Not a bad omen. I'm afraid it sometimes takes a few weeks, but once they get yours to the top of the pile it will fly. 

Yip - beer always helps


----------



## Ginith9

Yummy beer 

I see all my locations are out of whack. 

We were in the Falklands, we were (back in 2009) thinking of Aus. Were now in Scotland thinking/trying NZ for the second time. Odd, i know! 

The reason why i am jumpy is that in 2009 (when things were different) we had our EOI selected and 15 days later it was deselected. 

Clearly things are different now, but still it does make one bulk a little.

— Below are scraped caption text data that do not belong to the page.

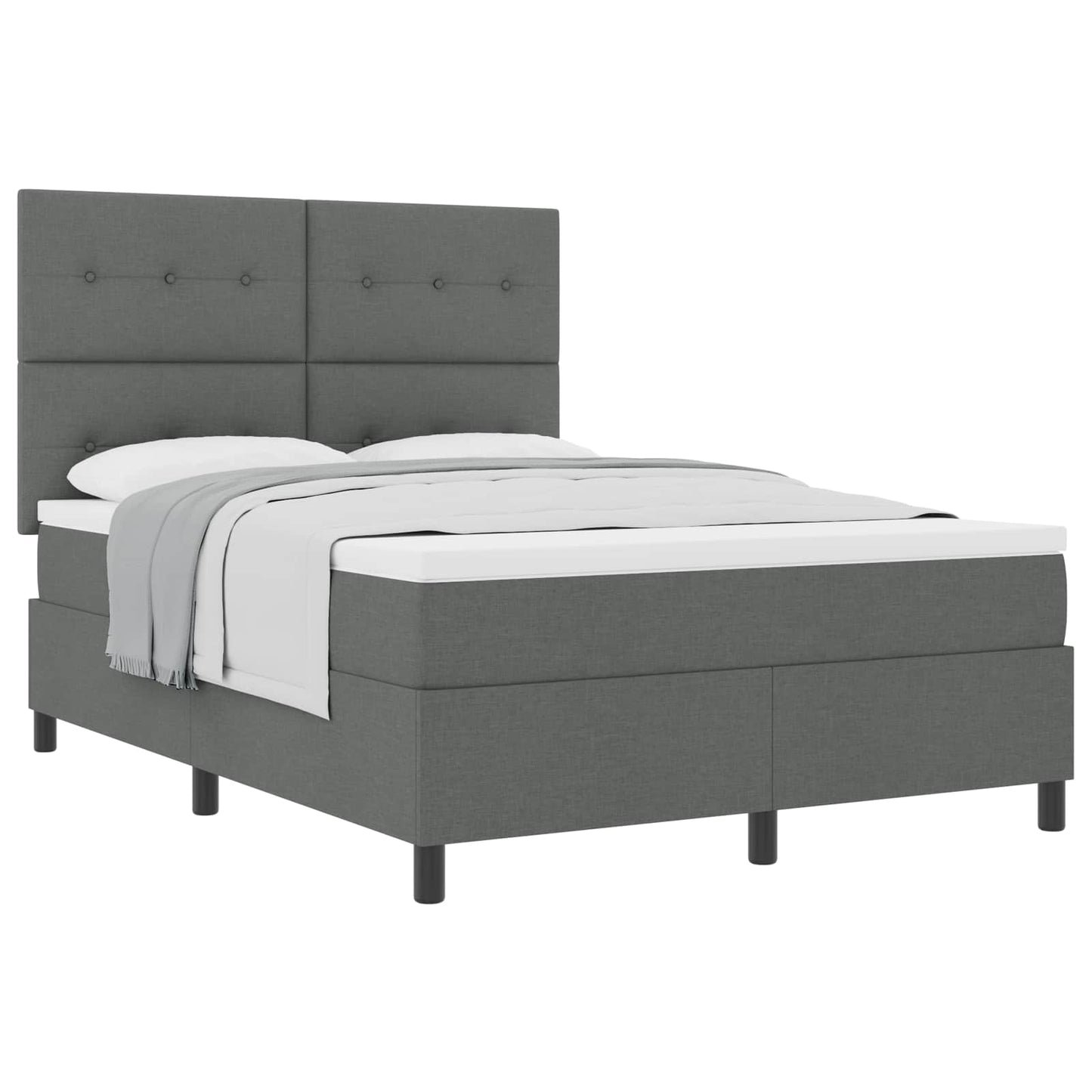Letto a molle con testiera Grigio scuro 140 x 200 cm Tessuto | homemem39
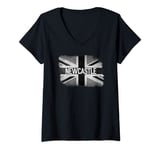 Womens Newcastle | British United Kingdom Black & White Flag UK V-Neck T-Shirt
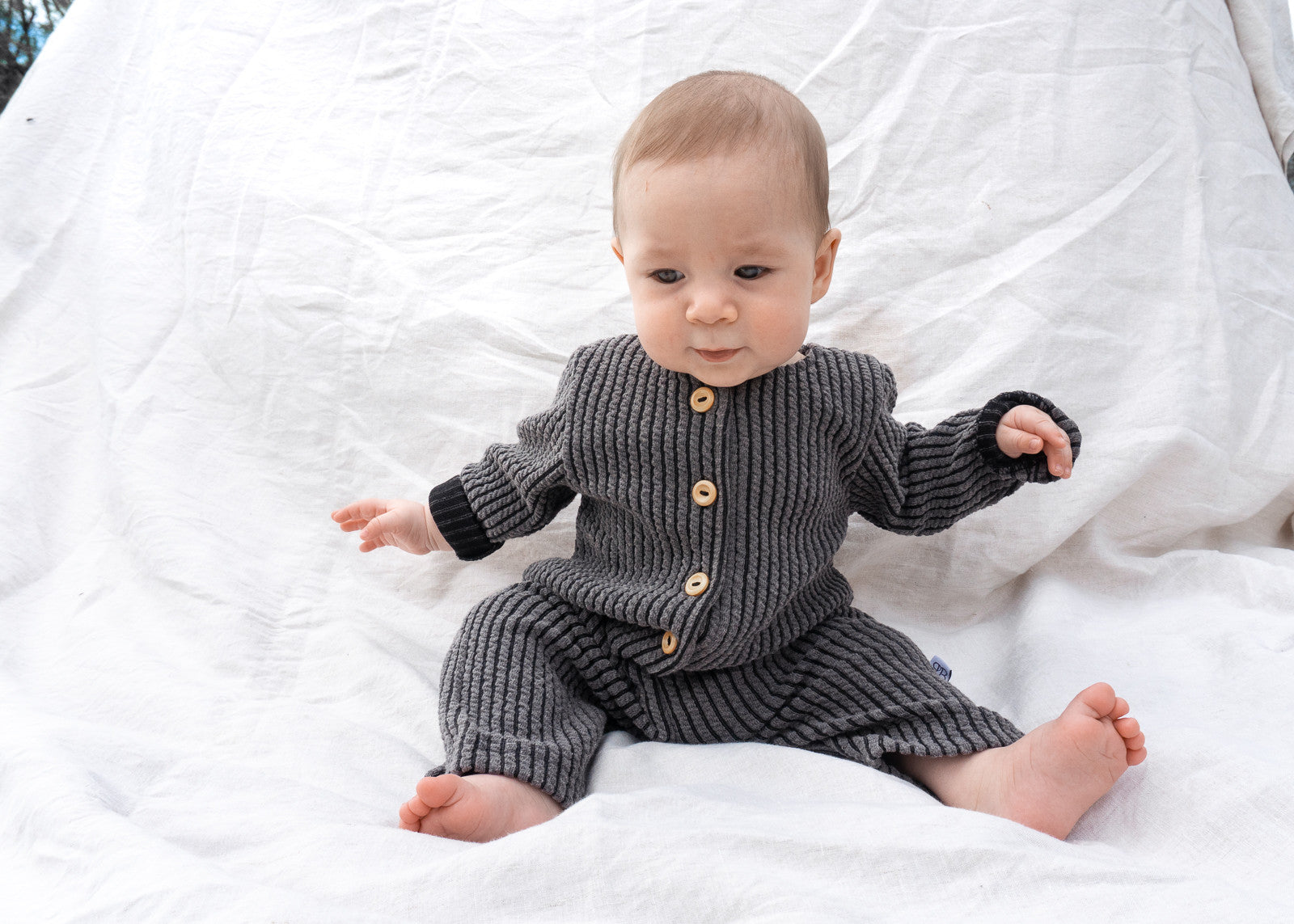 Long Oversized Baby Onesie - Charcoal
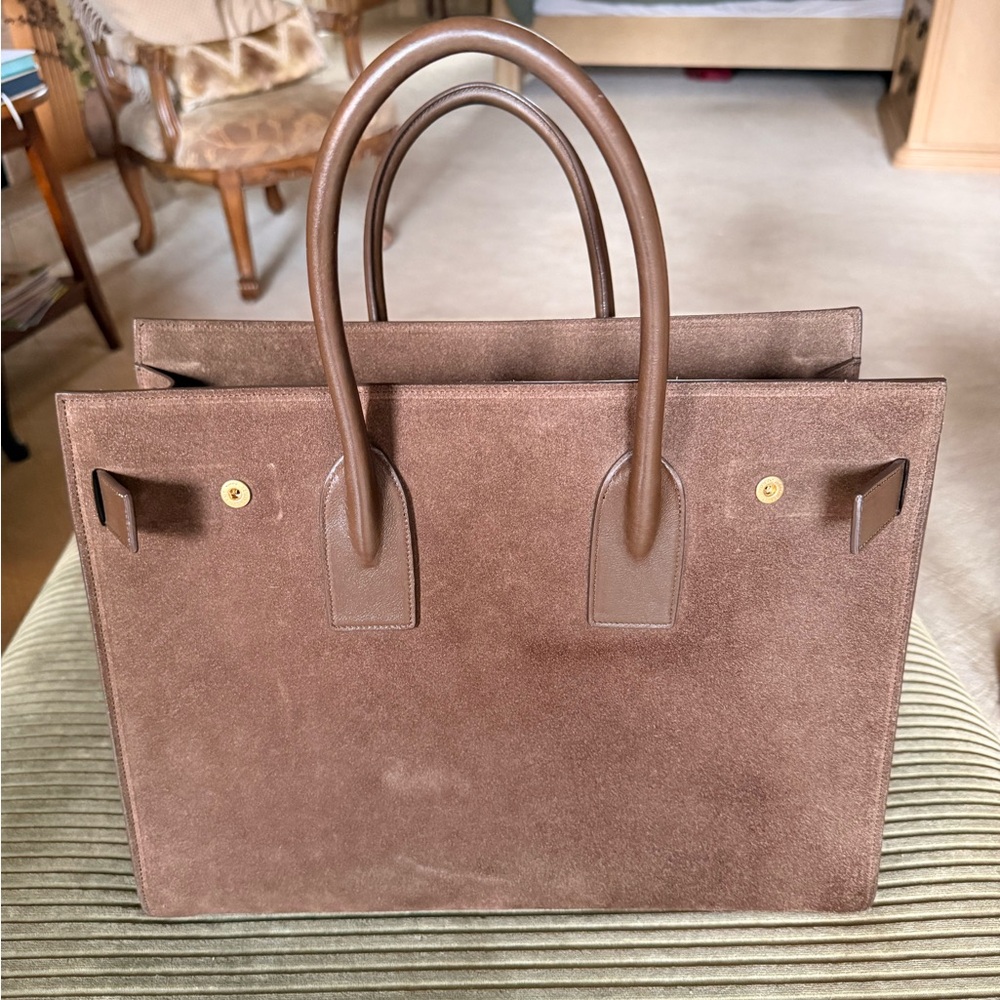 Saint Laurent Large Brown Suede Sac De Jour - Picture 3 of 16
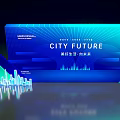 City Future Guide Sign With Urban Skyline And Blue Gradient Design 3d model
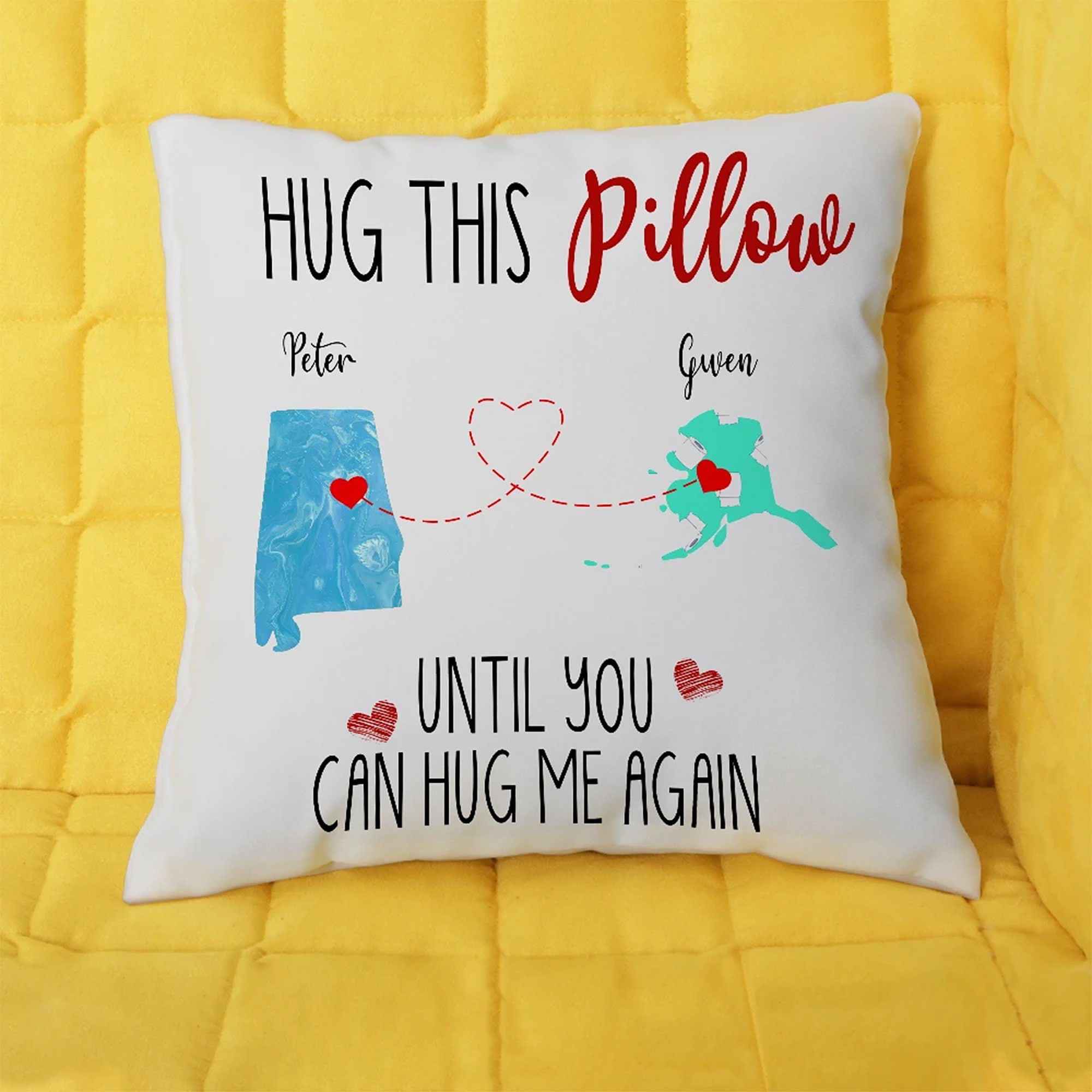 Hug This Pillow Until You Can Hug Me Pillow Long Distance Etsy
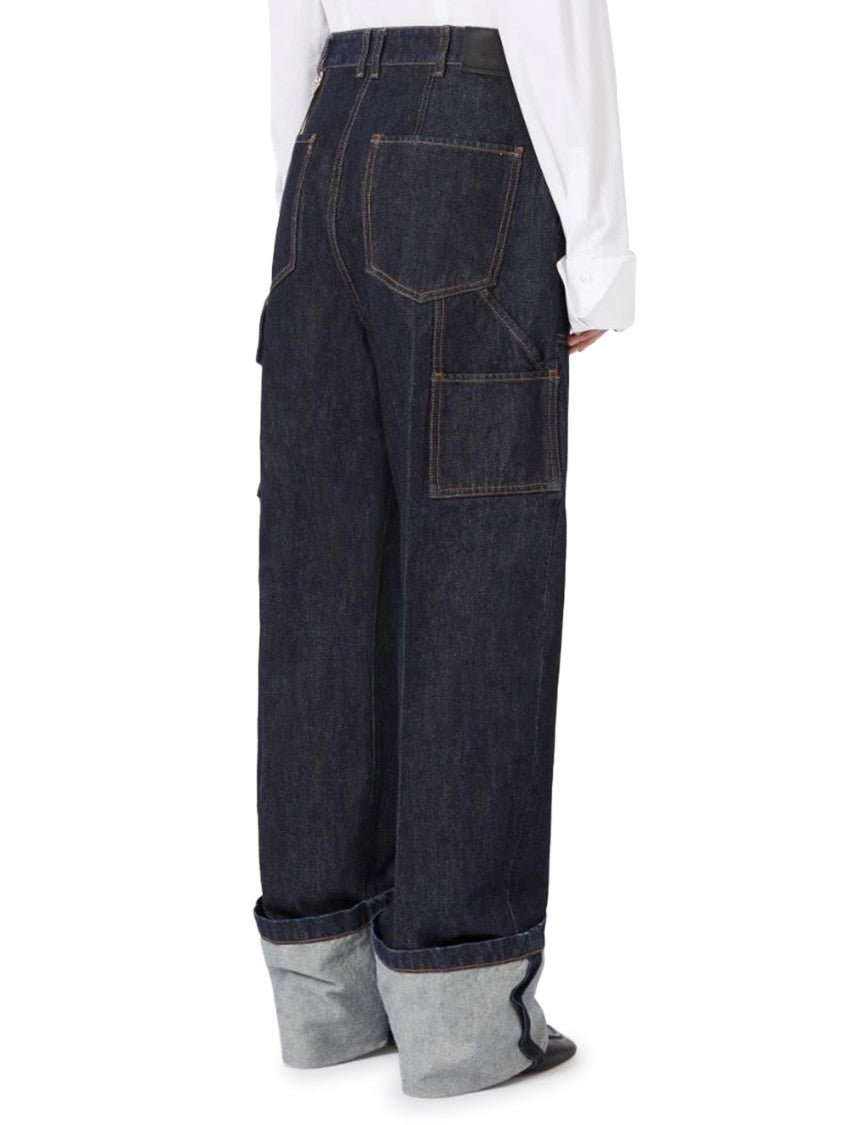 Max Mara Wide-Leg Denim Pants With Indigo Wash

I hope your right, and were just in the pile along with all the other poor peeps. :fingerscrossed::fingerscrossed:


----------



## ajay.lele83

Ginith9 said:


> Yummy beer
> 
> I see all my locations are out of whack.
> 
> We were in the Falklands, we were (back in 2009) thinking of Aus. Were now in Scotland thinking/trying NZ for the second time. Odd, i know!
> 
> The reason why i am jumpy is that in 2009 (when things were different) we had our EOI selected and 15 days later it was deselected.
> 
> Clearly things are different now, but still it does make one bulk a little.
> 
> I hope your right, and were just in the pile along with all the other poor peeps. :fingerscrossed::fingerscrossed:


Hi,

I have been too waiting for some good news, interestingly i am from india and my EOI is assigned to London branch..... strange??


----------



## escapedtonz

ajay.lele83 said:


> Hi,
> 
> I have been too waiting for some good news, interestingly i am from india and my EOI is assigned to London branch..... strange??


Yes you would think this is strange but Immigration pass EOI's and applications around as situation normal.
Just been reading that all Residency Applications under Skilled Migrant category from India are forwarded to the Beijing branch (China) for consideration.
lane:


----------



## Ginith9

Quick question for those who might know. Will the online status change from "selected" to "successful" first and then email or will it be email first then online from the London branch.


----------



## ajay.lele83

Ginith9 said:


> Quick question for those who might know. Will the online status change from "selected" to "successful" first and then email or will it be email first then online from the London branch.


Hi,

I think it will be 'Decision Successful' from 'Selected' and then 'ITA Pending'.


----------



## Ginith9

I just checed my EOI online by pressing the print icon and the date modified has now been changed to todays date. I check it every day and its never done that before? Wonder what that means.


----------



## ajay.lele83

Ginith9 said:


> I just checed my EOI online by pressing the print icon and the date modified has now been changed to todays date. I check it every day and its never done that before? Wonder what that means.


Hi,

that certainly means a good news as your EOI has been assigned to someone for intial evaluation.:clap2:


----------



## Ginith9

It was assessed and declined. They went through application and changed 150 points to 85!!

They refused to accept hubbys UK trade certificate at 40 points which was wrong, and they took off 10 points for my family in NZ (Sister and Father) again wrong.

After assessment i should have had 135 points - because the argument about work experience is one i am aware off comparable market and all but i still had to put everything down as they say. 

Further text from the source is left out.